Embrace rewrites. Save copies of the original. Drink lots of wine.

Don't be afraid to do terrible things to your characters. If people are telling you your character is boring, or they couldn't connect to them, or the pacing was slow: look honestly at what you are doing to your characters. You might be too attached to make them dynamic, give them voice or create conflicts that drive the pace of your novel. Your characters should have flaws (and proper character arcs!), relationships should hit speed bumps, sometimes people have to die or have awful things happen to them, in order to create conflict, stakes, and growth.

Show, don't tell. You've probably heard this a lot. What does it mean?

Telling is not an inherently bad writing style; in fact, a good tell-er can write immediate and interesting action scenes. But nothing is more frustrating and leads to more disconnection from the characters/story, than an entire book of telling. By telling the reader what is happening and what they should feel instead of showing them, you are encouraging disengagement--the last thing you want from your reader.

I also file information dumps under telling, as well as expository dialogue. Any case where a writer is smacking the reader in the face with information instead of artfully weaving those details into the story is cause for disengagement.

Write the way you write. And then if you are a tell-er or are told you are doing too much telling, BRUTALLY REWRITE EVERYTHING. It takes practice, but over time you'll find yourself defaulting less and less to telling in first drafts. I always write once the way I naturally want to, and then go back through and line edit my own work, changing out declarations for descriptions, weaving in emotional responses and "the five senses."

However, showing doesn't excuse purple prose or over-writing. Less is more (usually).

In the struggle to find our unique writer's voice and be a "good writer," many of us end up totally over-writing. We think "lots of description" and "big fancy words" equals good writing. But there's something beautiful about short, effective prose and a story that gets to the point.

What can often kill a book is melodramatic over-writing, especially in big conflict scenes. Are you going overboard in describing how someone is feeling? Is there too much focus on how things look, smell, feel, on colors and sensations? Is your dialogue overblown, ie: would someone actually say that?  Do you have long, beautiful sentences full of metaphor and poetry... and do they actually mean something? What are you trying to say, and can you say it more concisely? This is nothing against beautiful writing, but gorgeous prose without meaning is, essentially, meaningless.

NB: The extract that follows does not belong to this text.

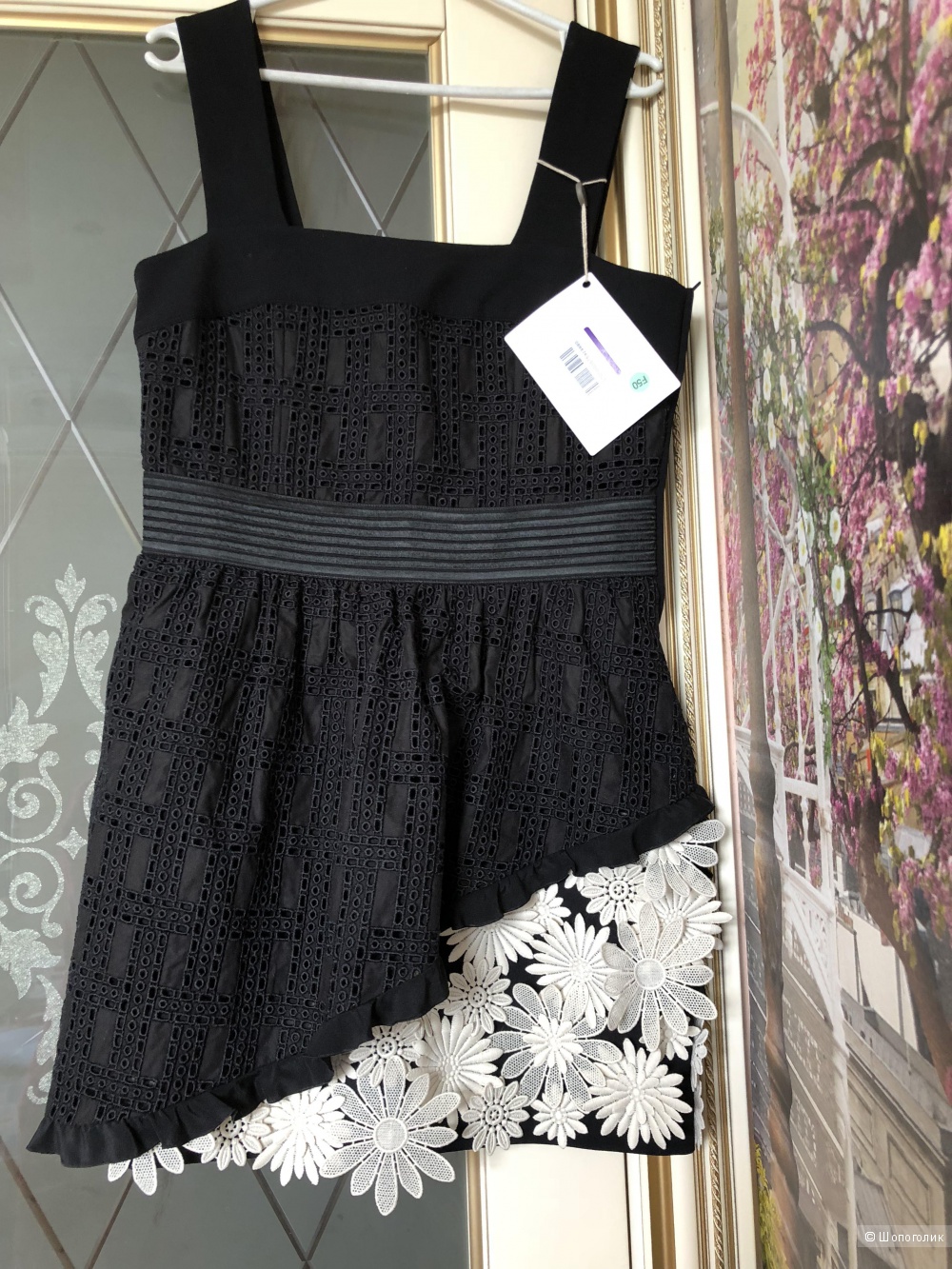 Платье EMANUEL UNGARO р-р 44 IT, 46 наш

Long, unwieldy sentences, densely packed paragraphs, and pages of description are places to look to cut. Anywhere a reader's eye might trip over your writing is a place to trim. When readers trip, they may stop reading--and you don't want an agent or editor to stop reading, especially.

There are emotional cycles to writing and revising, and it's okay to hate your book. But it's key to learn the difference between "good hate" and "bad hate." It is perfectly natural, in the writing/revising cycle, to have periods where you hate everything. The writing is trite, the characters are awful, that kissing scene NEEDS TO DIE, this book is TERRIBLE! Step back, take a deep breath and regroup. Sometimes, abjectly hating something is a sign: it needs to go. But sometimes hating something is your brain being EVIL, and trying to trick you into giving up. In cases like these, distance and/or an emergency CP session are required.


Killing your darlings is a balancing act. You must both make yourself open to criticism and practice extreme humility when it comes to your writing, but also walk with confidence. This is YOUR story, and ultimately you need to be happy with it. No first draft is perfect, and there is always something to fix. You have to put in the work, but at some point also have the confidence to stop, to share your work with yours, to query.